August 23 is celebrated as “Internaut Day” (from ‘internet’ and ‘astronaut’), marking the anniversary of that date in 1991 when Tim Berners-Lee opened the World Wide Web to all who wished to access it.

I remember browsing the Internet for the first time in 1995 in a multimedia laboratory in Technische Hochschule Nürnberg on a NEXT machine. The laboratory had a “Gib Gates Keine Chance” sticker on the front door. I came back to Romania with 5 boxes of 1.2′ floppy disks filled with Windows 3.1 and pictures of Claudia Schiffer saved from Lycos and Altavista.

When I got home I could not stop thinking about how cool Internet was and I wanted to explore more. I found a book on Internet and then got a free dial-up connection from Pcnet. They were giving free connections and UUCP emails to students.

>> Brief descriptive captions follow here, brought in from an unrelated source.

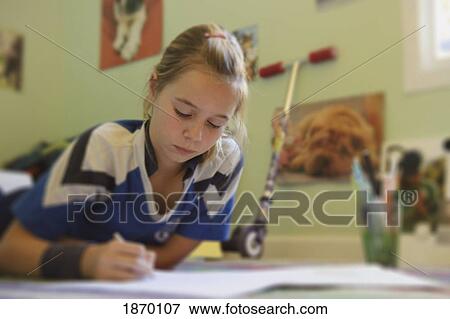 Stock Photo - girl doing homework on the floor. Fotosearch
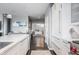 Bright kitchen flowing into an office space, featuring white cabinets, quartz counters, and stainless steel appliances at 225 N New Jersey St # 52, Indianapolis, IN 46204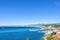 Daylight view to beachline and blue sea of Antibes, France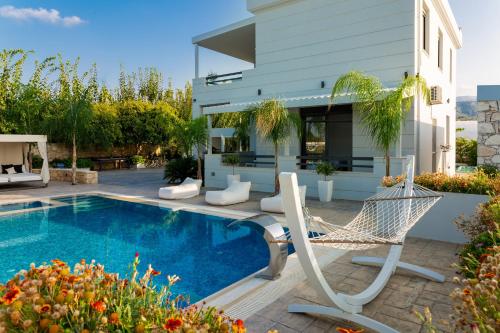 a villa with a swimming pool with a hammock and a house at Villa Green Diamond - Private Heated Pool in Platanes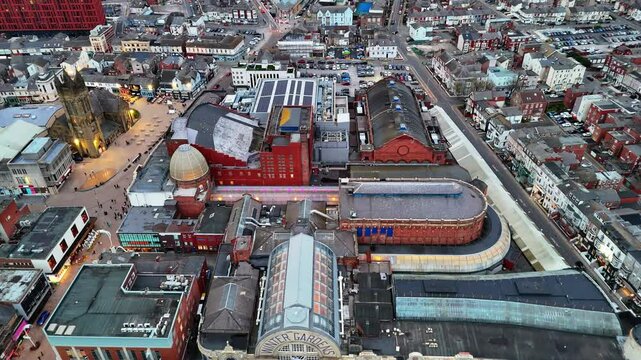 High aerial drone view capturing Blackpool's iconic Winter Gardens complex and surrounding town centre at dusk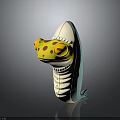 Cartoon Creature Toy Featuring Yellow Head Red Spots Open Mouth White Teeth And Turquoise Body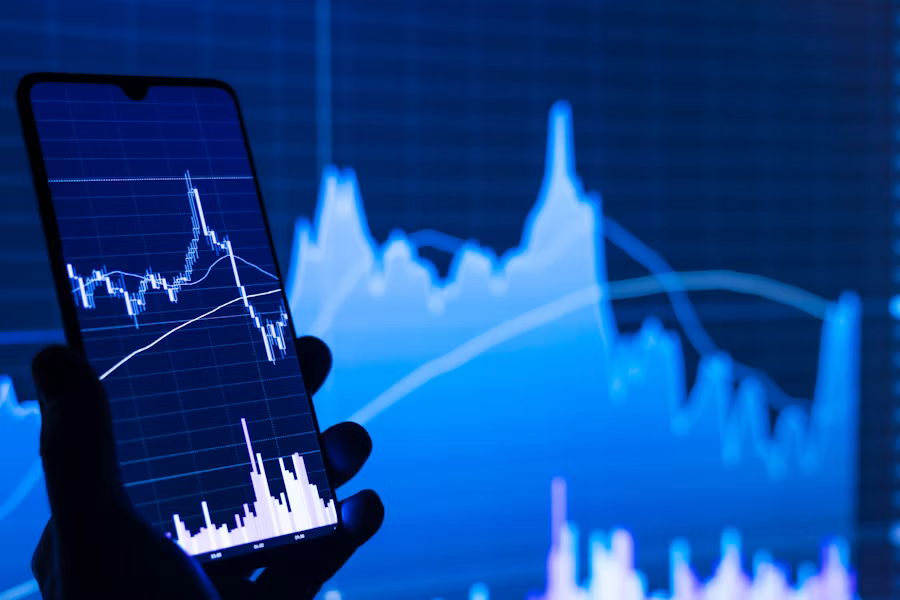 Investor reviewing a stock chart on a mobile device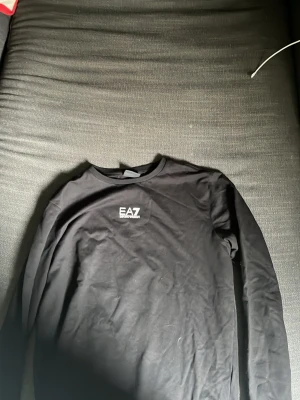 Svart långärmad tröja från EA7 - Snygg svart långärmad tröja från EA7 Emporio Armani med rund halsringning och vit logga på bröstet. Perfekt till jeans eller joggers för en clean och stilren look. Tillverkad i mjukt material som känns skönt mot huden.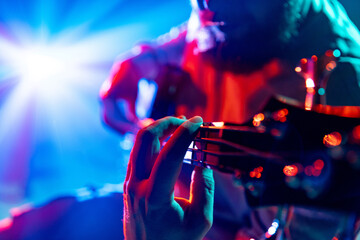 Close-up of musician's fingers on bass guitar fretboard playing melodic chords against vibrant light show. Concept of rock and classic music, hobby and work, energy, music festivals, concerts. Ad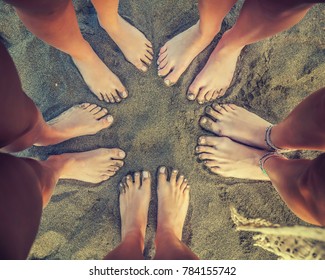 People are standing on the beach with feet in the circle. Picture is giving emotion of group of best friends having an amazing lovely time together.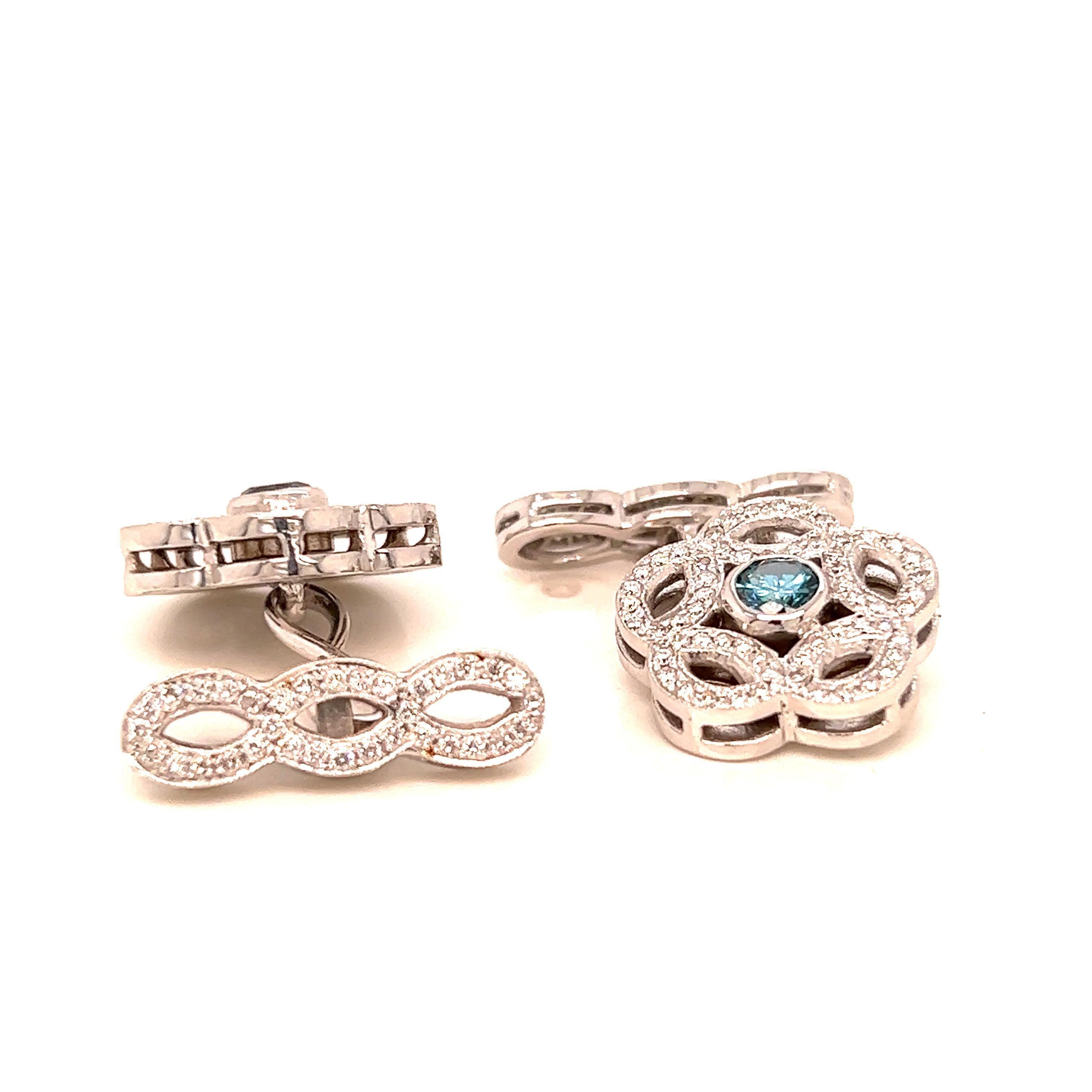 These exquisite cufflinks are a true testament to the beauty and craftsmanship of fine jewelry. Crafted from lustrous 18k white gold, each cufflink features a delicate flower design that is adorned with approximately 0.80 carats of brilliant white
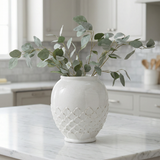 White lotus ceramic vase with woven pattern on a white background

I was using some email bot that accepted email commands and it was sending me web pages I requested as email attachment. I joined all the local mailing lists and Bulletin Board Systems (BBS). I even had my own BBS at some point but it was never very successful.  I went to meetings (Romantic List) and was enjoying this new universe that I just discovered.

My first Internet nickname was Mycroft. Everybody said it comes from Microsoft but a selected few knew the real origins – Mycroft was Sherlock Holmes’s brother from Arthur Conan Doyle books that I was enjoying at that age. Mycroft evolved to Webmyc which in my head was an acronym for my future web development business: WEB Me+You=Create. I still use it on Twitter. Follow me! 🙂

In high-school, my physics teacher, Teodoru Gugoiu, translated a couple of books on HTML and I was fascinated that his son who was only 7-9 years old was already “developing” web sites using Microsoft Power Point and Save as HTML option.

I had my first website on Geocities and it had a dark background and a lot of animated GIFs. I was creating websites in the first WYSIWYG html editor – Netscape Composer. I then discovered Coffee Cup and after my trial expired wrote them an email saying that I was just learning to create websites and I loved their editor but cannot afford the full version and asked them to extend my trial. They gave me a life-time license and I was the happiest kid on the block.

Then Dreamweaver happened and I had my first jobs as a Web Designer and later a Web Developer. One of my first freelance portfolios is still online.

I’ve been dealing with online projects and teams ever since and have no regrets. After 21 years I am back to being a freelancer and I kept the same excitement that I always had right after hitting the return key after typing a URL.